Thx for the fast reply! Yes, it is OpenCL code, CLC++2021 to be precise. Ok, I see, that is why the error pops up now. Is there any way I can find out which line in the .cl source file is causing this, or at least ehat is the name of the variable?

davidrohr commented 4 months ago

Hm, we have

const float oldDiag[5] = {mC[0], mC[2], mC[5], mC[9], mC[14]};

in a function, and we have

float mBetheBlochParams[5] = {0.19310481, 4.26696118, 0.00522579, 2.38124907, 0.98055396};

inside a class definition using C++11 initialization. Could this be the problem?

Looking at the reported variable, do you have any float arrays (of 5 elements) that are initialized to some non-zero values inside a function? Perhaps clang generates code that violates the idea behind #2254.

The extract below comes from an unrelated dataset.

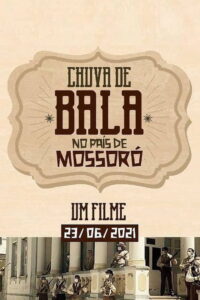 Chuva de Bala no País de Mossoró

svenvh commented 4 months ago

in a function, and we have

float mBetheBlochParams[5] = {0.19310481, 4.26696118, 0.00522579, 2.38124907, 0.98055396};

inside a class definition using C++11 initialization. Could this be the problem?

The values seem to match indeed; does rewriting this initialization (e.g. by individual assignments or initializing to zero) avoid the crash?

davidrohr commented 4 months ago

I changed the class initialization to using a constructor. This fixes the problem.

However, now I am getting a similar problem elsewhere:

InvalidInstruction: Can't translate llvm instruction:
 Global variable cannot have Function storage class. Consider setting a proper address space.
 Original LLVM value:
@constinit = private constant [2 x [3 x [4 x float]]] [[3 x [4 x float]] [[4 x float] [float 0x3FA5607A20000000, float 0x3F28979AE0000000, float 0x3FACDDB100000000, float 0x3FE13A5BA0000000], [4 x float] [float 0x3FB53BC900000000, float 0x3F2AA55680000000, float 0x3FB1728860000000, float 0x3FEF1225E0000000], [4 x float] [float 0x3FB6358880000000, float 0x3F2B9F09A0000000, float 0x3FC1B60240000000, float 0x3FD05362C0000000]], [3 x [4 x float]] [[4 x float] [float 0x3FAE873A80000000, float 0x3F169EBBC0000000, float 0x3FA285E020000000, float 0x3FDEB379C0000000], [4 x float] [float 0x3FAF5D19A0000000, float 0x3F12FA3520000000, float 0x3FA41FE2A0000000, float 0x3FEDBC3100000000], [4 x float] [float 0x3FB0DB5280000000, float 0x3F1B2B22E0000000, float 0x3FAF1BB7A0000000, float 0x3FEFB073A0000000]]], align 4

Probably another c++11 initialization in a class definition. Perhaps this is a general problem in clang18?

svenvh commented 4 months ago

@davidrohr I've created https://github.com/llvm/llvm-project/pull/90048 to hopefully fix this pattern in clang (targeting clang's main branch). Any chance you could try if that solves the member initializer issues for your use case?

davidrohr commented 4 months ago

@svenvh : Thx: I tried with that PR and it fixes this problem!